Collected data
***
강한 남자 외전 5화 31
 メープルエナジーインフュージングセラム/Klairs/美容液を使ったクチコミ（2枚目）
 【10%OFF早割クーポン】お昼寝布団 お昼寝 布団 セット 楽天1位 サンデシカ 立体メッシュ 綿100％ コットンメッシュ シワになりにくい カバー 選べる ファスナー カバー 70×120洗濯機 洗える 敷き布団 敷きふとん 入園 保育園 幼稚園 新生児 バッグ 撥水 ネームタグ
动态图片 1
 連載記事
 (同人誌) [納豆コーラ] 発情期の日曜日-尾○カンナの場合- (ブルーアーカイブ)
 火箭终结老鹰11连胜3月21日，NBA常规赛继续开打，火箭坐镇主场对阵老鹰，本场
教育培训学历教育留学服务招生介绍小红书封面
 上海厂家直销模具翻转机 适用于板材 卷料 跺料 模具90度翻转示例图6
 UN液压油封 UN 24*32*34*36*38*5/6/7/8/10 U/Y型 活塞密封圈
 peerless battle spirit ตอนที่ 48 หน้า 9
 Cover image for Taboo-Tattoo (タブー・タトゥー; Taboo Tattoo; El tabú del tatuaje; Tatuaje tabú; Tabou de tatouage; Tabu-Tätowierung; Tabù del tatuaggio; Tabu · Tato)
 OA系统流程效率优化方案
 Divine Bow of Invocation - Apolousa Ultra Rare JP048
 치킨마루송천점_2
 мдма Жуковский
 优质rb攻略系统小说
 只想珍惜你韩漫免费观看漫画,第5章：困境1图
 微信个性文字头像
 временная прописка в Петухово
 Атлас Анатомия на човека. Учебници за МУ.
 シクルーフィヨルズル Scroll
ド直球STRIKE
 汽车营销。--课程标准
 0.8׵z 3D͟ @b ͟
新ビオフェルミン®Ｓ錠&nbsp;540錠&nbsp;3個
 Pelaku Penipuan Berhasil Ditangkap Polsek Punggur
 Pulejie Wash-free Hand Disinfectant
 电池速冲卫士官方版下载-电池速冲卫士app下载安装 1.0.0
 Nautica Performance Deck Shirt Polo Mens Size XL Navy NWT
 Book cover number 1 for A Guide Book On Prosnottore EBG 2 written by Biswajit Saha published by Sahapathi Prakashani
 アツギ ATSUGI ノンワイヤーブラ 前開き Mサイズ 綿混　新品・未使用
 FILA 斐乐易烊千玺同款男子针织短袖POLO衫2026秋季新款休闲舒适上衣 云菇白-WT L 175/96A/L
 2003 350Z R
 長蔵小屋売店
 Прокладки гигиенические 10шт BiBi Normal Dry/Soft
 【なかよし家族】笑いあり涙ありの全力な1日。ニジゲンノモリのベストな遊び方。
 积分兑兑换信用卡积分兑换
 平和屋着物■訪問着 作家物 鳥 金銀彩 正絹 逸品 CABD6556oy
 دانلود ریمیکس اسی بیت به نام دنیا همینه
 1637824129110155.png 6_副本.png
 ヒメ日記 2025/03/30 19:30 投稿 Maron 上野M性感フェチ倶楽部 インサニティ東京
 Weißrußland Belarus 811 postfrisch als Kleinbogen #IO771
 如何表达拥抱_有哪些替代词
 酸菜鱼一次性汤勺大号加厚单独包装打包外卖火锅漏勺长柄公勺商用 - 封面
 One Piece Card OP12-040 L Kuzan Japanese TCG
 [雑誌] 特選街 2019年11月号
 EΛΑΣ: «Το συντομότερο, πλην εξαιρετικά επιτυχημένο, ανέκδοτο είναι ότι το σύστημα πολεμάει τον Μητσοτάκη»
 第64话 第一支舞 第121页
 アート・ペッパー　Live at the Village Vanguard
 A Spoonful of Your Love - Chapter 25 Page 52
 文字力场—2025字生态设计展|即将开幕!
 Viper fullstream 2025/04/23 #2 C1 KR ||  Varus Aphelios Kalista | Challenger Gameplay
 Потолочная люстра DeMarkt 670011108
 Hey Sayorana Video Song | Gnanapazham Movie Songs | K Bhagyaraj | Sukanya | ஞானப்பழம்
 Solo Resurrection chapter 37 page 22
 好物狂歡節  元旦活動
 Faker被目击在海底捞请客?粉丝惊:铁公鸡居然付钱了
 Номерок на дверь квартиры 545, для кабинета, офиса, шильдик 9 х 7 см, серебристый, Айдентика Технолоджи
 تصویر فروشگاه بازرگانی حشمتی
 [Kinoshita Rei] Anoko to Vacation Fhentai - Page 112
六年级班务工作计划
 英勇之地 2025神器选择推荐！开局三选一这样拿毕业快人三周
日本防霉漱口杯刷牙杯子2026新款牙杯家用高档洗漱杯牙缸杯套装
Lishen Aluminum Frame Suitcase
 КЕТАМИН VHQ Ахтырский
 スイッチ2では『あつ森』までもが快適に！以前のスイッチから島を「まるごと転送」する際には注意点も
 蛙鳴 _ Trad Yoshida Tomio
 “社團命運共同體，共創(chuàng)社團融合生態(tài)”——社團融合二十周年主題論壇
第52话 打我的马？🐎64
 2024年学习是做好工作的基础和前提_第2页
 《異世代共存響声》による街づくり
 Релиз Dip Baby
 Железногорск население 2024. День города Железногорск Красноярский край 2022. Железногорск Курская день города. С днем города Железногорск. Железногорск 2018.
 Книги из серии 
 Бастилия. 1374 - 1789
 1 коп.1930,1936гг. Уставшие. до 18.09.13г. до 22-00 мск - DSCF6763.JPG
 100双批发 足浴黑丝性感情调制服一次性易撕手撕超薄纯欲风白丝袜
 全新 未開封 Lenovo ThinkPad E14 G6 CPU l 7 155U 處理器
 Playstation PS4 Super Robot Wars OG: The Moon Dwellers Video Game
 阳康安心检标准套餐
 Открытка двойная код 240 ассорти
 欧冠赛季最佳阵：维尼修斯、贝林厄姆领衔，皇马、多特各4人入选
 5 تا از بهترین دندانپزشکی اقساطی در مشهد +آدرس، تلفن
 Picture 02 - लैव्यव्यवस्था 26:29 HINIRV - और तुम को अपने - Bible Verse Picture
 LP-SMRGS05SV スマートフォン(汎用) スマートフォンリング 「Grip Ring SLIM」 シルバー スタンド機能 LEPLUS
***
_INSTRUCTIONS FOR THE TASK:_
Check each line of the records above, and copy those that hold the word "Video".

_PROBLEM SOLUTION:_
 Hey Sayorana Video Song | Gnanapazham Movie Songs | K Bhagyaraj | Sukanya | ஞானப்பழம்
 Playstation PS4 Super Robot Wars OG: The Moon Dwellers Video Game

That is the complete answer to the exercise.